A sentença recorrida considerou provados os seguintes factos:

«As questão colocada, tal como resulta na petição inicial exposta, sumaria-se na de saber da legalidade, no sentido de correspondência aos requisitos legais, da decisão de reversão no que tange a presença de um exercício da gerência como requisito objetivo do direito de reversão, para daí se saber da questão da legitimidade do Opoente para ser executado.
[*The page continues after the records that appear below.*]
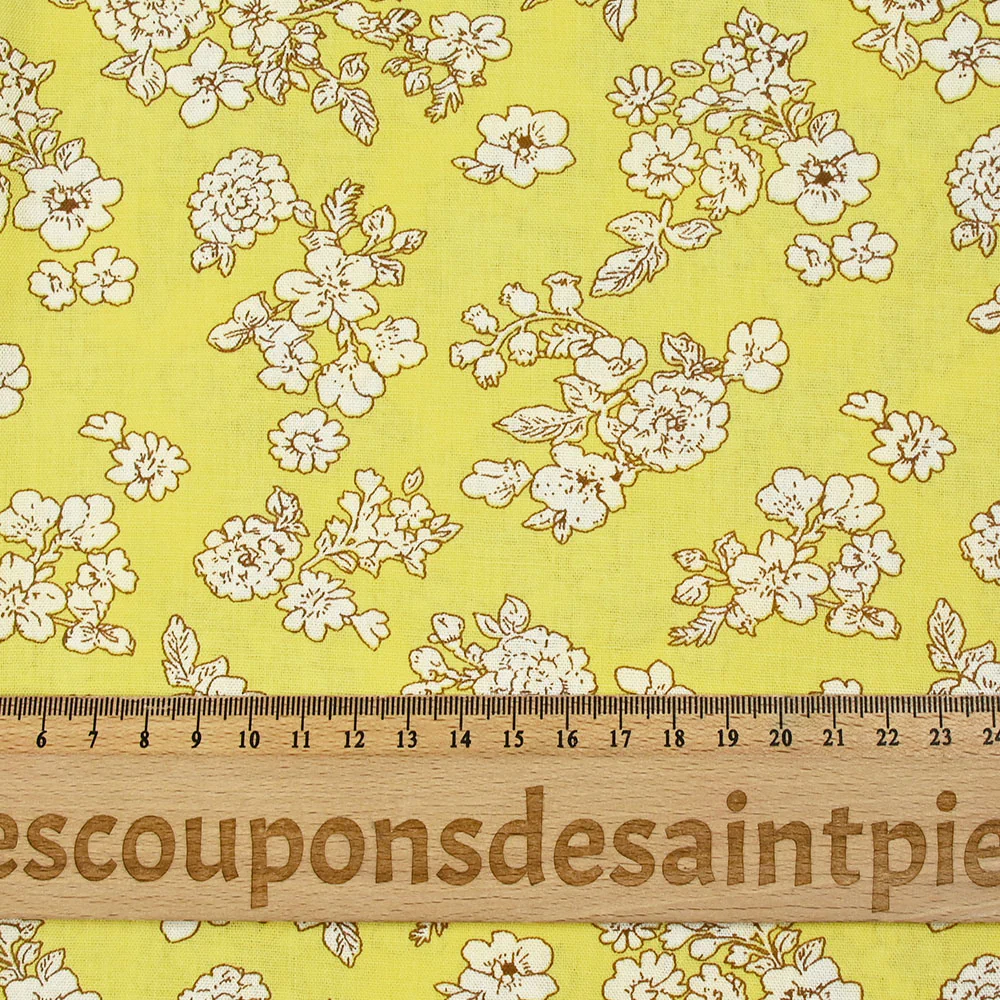Viscose imprimée printanière blanc cassé fond jaune soufre - Image 3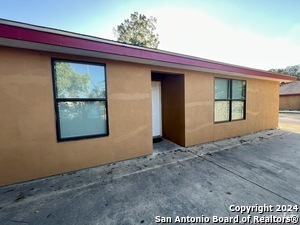 Building Photo - 1721 Quintana Rd Rental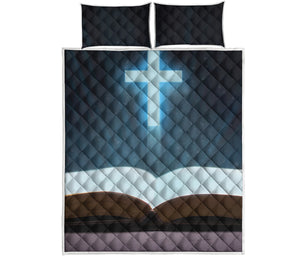 Shining Holy Bible Print Quilt Bed Set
E, sob um tal conspecto, é a seguinte a matéria de facto relevante para a decisão da causa que, em face da prova reunida, resultou provada:

1. Os autos principais, com o nº3247200501025775 e apenso o seu nº3247200201003062, pendente no Serviço de Finanças de Lisboa 2, têm como executada principal, devedora originária, a sociedade X…, L.da, então com sede …., em Abrantes e visam, respetivamente, a cobrança coerciva das seguintes dívidas tributárias e respetivos juros de mora:

a) €64.819,24, proveniente de Imposto sobre o Rendimento das Pessoas Coletivas de 2003, com termo de prazo de pagamento a 5 de janeiro de 2005, incluindo juros compensatórios e de mora aquela esta data [o citado processo principal foi instaurado a 25 de março de 2005]; e

b) dívida de €4.255,25, proveniente de coima, mas com a anotação a lápis (!) de “subsiste a dívida no nº3247200501025775” [este apenso foi instaurado a 11 de fevereiro de 2002].
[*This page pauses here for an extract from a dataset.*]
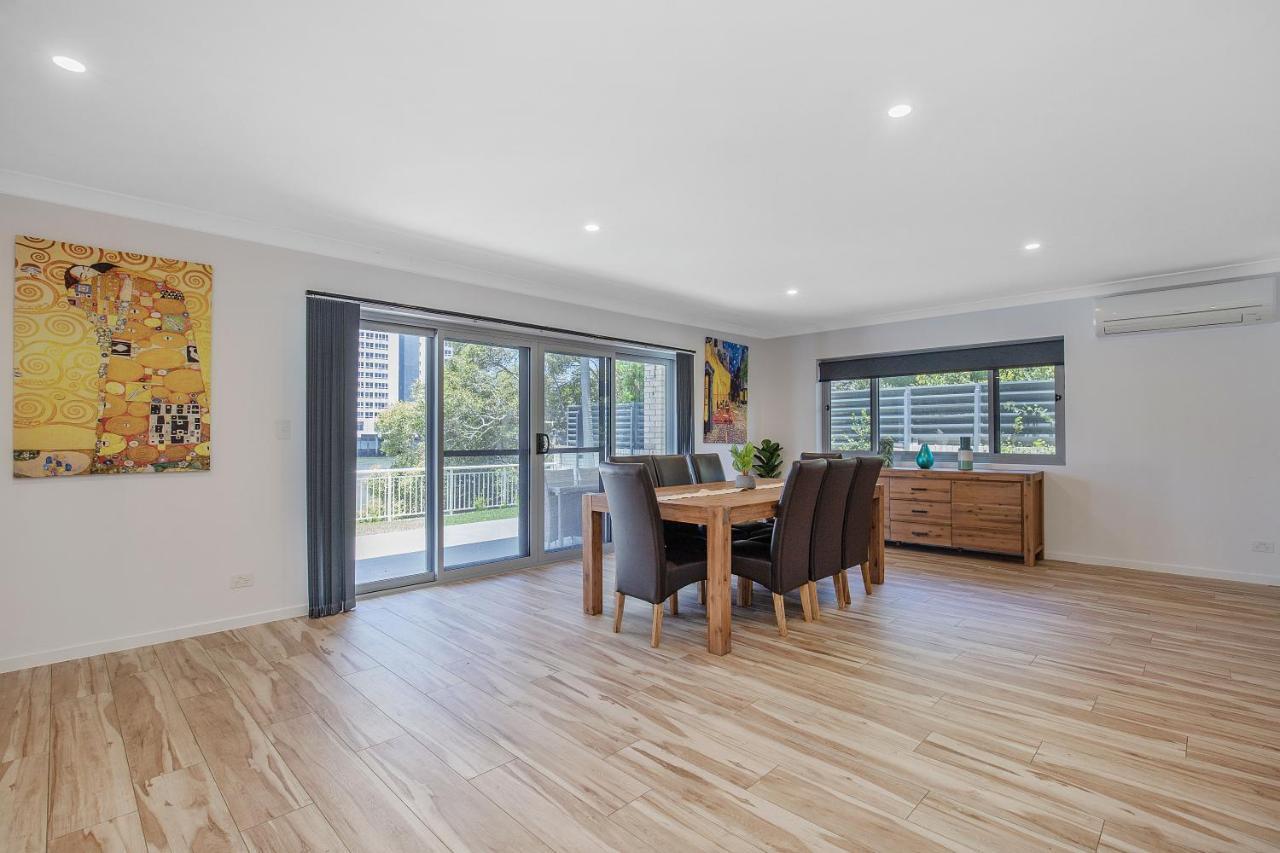 29 Stanhill Drive Villa โกลด์โคสต์ ภายนอก รูปภาพ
2. Na sequência de se ter frustrado a efetivação de algum ato executivo, por nenhuns bens encontrar a Administração Tributária à sociedade, nem nenhuns lhe conhecer, foi iniciado em finais de junho de 2008 o procedimento enxerto de reversão, nesse contexto tendo sido dirigido ao Opoente, R… S…, e a outros gerentes, ofícios dessa data, com projetos de reversão, para se pronunciarem sobre a eventual reversão, sobre si, dos autos.

3. Nada tendo dito o Opoente, em 13 de julho de 2010 o Órgão de Execução Fiscal proferiu despacho de reversão da dívida tributária supra-discriminada, depois de ter declarado prescrita a coima exequenda no outro processo e uma outra sob execução um outro processo ainda, com o nº 3247200501112759.

4. Para a reversão fundamentou-se em que o Opoente constava no Registo, em 2003, como gerente da sociedade executada, até pelo menos 15 de outubro de 2004, data em que renunciou a ela, invocando que não provara não lhe ser imputável a falta de pagamento da dívida, cujo prazo de pagamento terminara no período do seu cargo – arts.23º e 24ºnº1 da Lei Geral Tributária, 153º e 160º do Código de Procedimento e de Processo Tributário.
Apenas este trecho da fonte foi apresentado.